UNPUBLISHED
UNITED STATES COURT OF APPEALS
FOR THE FOURTH CIRCUIT
No. 07-6305
UNITED STATES OF AMERICA,
Plaintiff - Appellee,
versus
DARLENE ANDERSON GOFORTH,
Defendant - Appellant.
Appeal from the United States District Court for the Middle
District of North Carolina, at Durham. James A. Beaty, Jr., Chief
District Judge. (1:03-cr-00458-JAB; 1:05-cv-01155-JAB)
Submitted: August 8, 2007 Decided: August 21, 2007
Before MICHAEL, MOTZ, and TRAXLER, Circuit Judges.
Dismissed by unpublished per curiam opinion.

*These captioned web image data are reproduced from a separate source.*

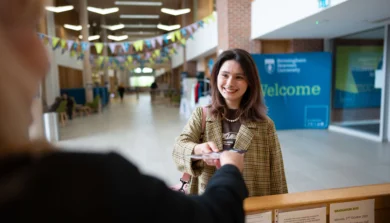 Student at reception desk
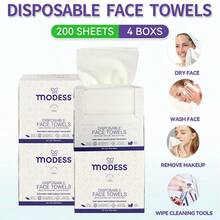 MODESS 2 Boxes (100 Sheets)/4 Boxes (200 Sheets) Of Thick And Ultra Soft Disposable Face Towels, Reusable Dry And Wet Facial Cleansing Wipes For Household Use, Suitable For Sensitive Skin, Effectively Removing Makeup, Cleaning And Travel Essentials - 4 Boxes (200 Sheets) - View 3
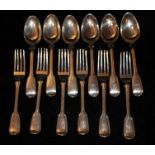 A SET OF SIX VICTORIAN SILVER DESSERT SPOONS AND FORKS Fiddle and thread pattern, engraved with a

Darlene Anderson Goforth, Appellant Pro Se. Angela Hewlett Miller,
OFFICE OF THE UNITED STATES ATTORNEY, Greensboro, North Carolina,
for Appellee.
Unpublished opinions are not binding precedent in this circuit.
PER CURIAM:
Darlene Anderson Goforth seeks to appeal the district
court’s order accepting the recommendation of the magistrate judge
and denying relief on her 28 U.S.C. § 2255 (2000) motion. We
dismiss the appeal for lack of jurisdiction because the notice of
appeal was not timely filed.
When the United States or its officer or agency is a
party, the notice of appeal must be filed no more than sixty days
after the entry of the district court’s final judgment or order,
Fed. R. App. P. 4(a)(1)(B), unless the district court extends the
appeal period under Fed. R. App. P. 4(a)(5), or reopens the appeal
period under Fed. R. App. P. 4(a)(6). This appeal period is
“mandatory and jurisdictional.” Browder v. Dir., Dep’t of Corr.,
434 U.S. 257, 264 (1978) (quoting United States v. Robinson, 361
U.S. 220, 229 (1960)).
The district court’s order was entered on the docket on
July 21, 2006. Goforth subsequently filed a “Request For
Reconsideration Of Judgment And Certificate Of Appealability” that
was entered on the district court’s docket as both a motion for
reconsideration and a notice of appeal. Though Goforth’s “Request
For Reconsideration” was properly construed as the functional
equivalent of a notice of appeal, see Smith v. Barry, 502 U.S. 244,
248-49 (1992), we nevertheless conclude that it was untimely as it
- 2 -
was filed on January 16, 2007,* and Goforth failed to timely obtain
an extension or reopening of the appeal period. Accordingly, we
dismiss the appeal.
Additionally, we construe Goforth’s “Request For
Reconsideration” and informal brief as an application to file a
successive § 2255 motion. See Jones v. Braxton, 392 F.3d 683,
689-90 (4th Cir. 2004); United States v. Winestock, 340 F.3d 200,
208 (4th Cir. 2003). In order to obtain authorization to file a
successive § 2255 motion, a prisoner must assert claims based on
either: (1) a new rule of constitutional law, previously
unavailable, made retroactive by the Supreme Court to cases on
collateral review, or (2) newly discovered evidence sufficient to
establish that no reasonable fact finder would have found the
movant guilty. 28 U.S.C. § 2255. Goforth’s claims do not satisfy
either of these conditions. Therefore, we decline to authorize a
successive § 2255 motion. Additionally, we deny Goforth’s motion
for a certificate of appealability.
We dispense with oral argument because the facts and
legal contentions are adequately presented in the materials before
the court and argument would not aid the decisional process.
DISMISSED
*
For the purpose of this appeal, we assume that the date
appearing on the notice of appeal is the earliest date it could
have been properly delivered to prison officials for mailing to the
court. Fed. R. App. P. 4(c); Houston v. Lack, 487 U.S. 266 (1988).